Tuesday, September 08, 2015

The Tournament: Part One

We left the house on Friday at 2 p.m. We got home last night at 9:20 p.m. Our air conditioning upstairs had broken, and it was 90 degrees upstairs.

That was all okay.

This was Eli 14.1s first tournament after knowing that he was going to try out for Tier I teams in Michigan in March. Jokingly, he calls it "The March To March", but I know that for all his joking, he wants to make one of those teams very, very much.

We did a workout last Wednesday (he's decided that he still needs to do hard off-ice workouts during the season, and I think he's right). He's been doing a new warmup by a coach named Maria Mountain (who is totally fantastic), and after he warmed up, he said "Man, my hips and legs feel GREAT. So loose. I really want to jump."

He always does four standing broad jumps after he stretches and skips rope, so I set up the tape measure. His PR is 8'6". That is a long, long jump for a kid who just turned fourteen.

I jumped 7'2". For an old fart, not terrible.

He took his first jump. 8'4". "Oh, it is ON," he said. "I've never felt this good before."

Second jump. 8'6". "Seriously, I can go farther," he said. "I've got plenty left."

A friend of his and his dad wandered upstairs and asked what we were doing, so I explained. Eli talked to his friend and stretched a bit. They were watching when he stepped up to jump for the third time.

He took off, and I mean took off. He landed and put his arms in the air, with a huge smile on his face. "That was huge!" he said.

He was right. 8'9".

I can't even really explain how utterly insane that distance is, but it is off the charts. Way off the charts.

There's something else, too, and I don't think I've ever mentioned this before. There's a kind of joy when he jumps, a kind of happiness he feels when he's soaring through the air. There's nothing on earth like seeing that big smile on his face.

There are many kinds of happiness, and many degrees. It's possible to be happy with many things between you and your happiness. If you're very, very lucky, though, at some point in your life you will feel the kind of happiness where there is nothing, not one single thing, between you and that feeling.

That's how Eli feels when he jumps.

"I feel so good going into this tournament," he said after the workout. "I feel strong."

This was what's known as a "leveling" tournament, where all the teams in the state play each other so that they can be sorted into divisions. For Eli's team, there were only two possibilities: "A" and "B".

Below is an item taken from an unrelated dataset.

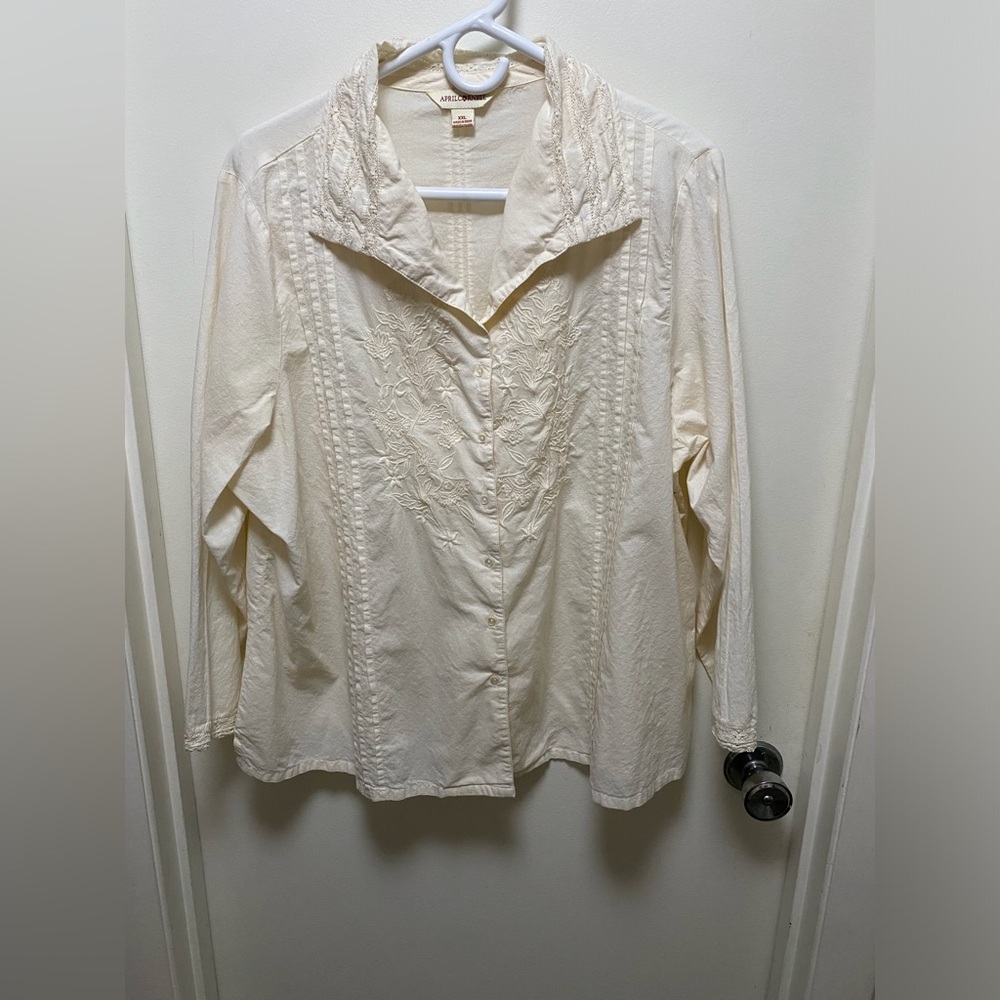 April Cornell Cream Embroidered Button-Down Blouse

The only thing I was worried about was winning at least one of the four games so that there was no chance they could be put into B division. If they could go 2-2, I'd be thrilled. Just have no one get hurt, get into "A", and go home.

This was going to be a different tournament for Eli. There's another goalie on the team (he's also very good), but he was hurt, so for now, every game was Eli's.